Le choix du mot "ghetto", dans le titre du livre, est particulièrement fort et significatif. L’auteur l’utilise non pas dans son sens propre de quartier fermé, comme dans le sens historique d’un quartier où les juifs sont contraints de résider mais dans le sens métaphorique que lui donnent souvent les médias. Didier Lapeyronnie qualifie de "censeurs", ceux qui répugnent à l’usage de ce mot pour les quartiers français et le jugent plus approprié pour décrire certains quartiers noirs des villes américaines, Aussi, pour l’auteur, "le ghetto résulte de l’addition de la ségrégation raciale, de la pauvreté et de la relégation sociale et politique, de l’isolement social et de rapports néo-coloniaux.

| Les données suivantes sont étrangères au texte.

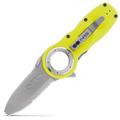 Safety Yellow - NRS - Pilot Access Folding Knife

Mais il est en même temps une réalité produite par le travail d’adaptation tout aussi collectif d’une partie de ses habitants à leur isolement et aux conditions sociales, raciales et urbaines qui leur sont faites". Le ghetto n’est donc pas une simple "réalité" sociale, mais il possède sa logique propre, logique sociale et morale, qui, non seulement le différencie du reste de la société, mais imprègne aussi lourdement la vie de ses habitants, conditionne leurs interprétations du monde social. "Le ghetto est ainsi à la fois une réponse collective à une série de contraintes structurelles et de dominations, une façon de résoudre les problèmes de l’isolement et de l’exclusion, du racisme et de la pauvreté, et, en même temps, pour chacun pris personnellement, une épreuve d’intensité variable à surmonter, un problème de milieu à comprendre et à résoudre"   . Avec cette définition du ghetto, il s’agit de reconstruire le "sens" des conduites des individus, à partir des données issues de l’observation de leurs pratiques et de leur discours. Mais, si on peut accepter ce mot pris selon cette définition, le mot de "ghetto" est-il alors réellement le mieux approprié ?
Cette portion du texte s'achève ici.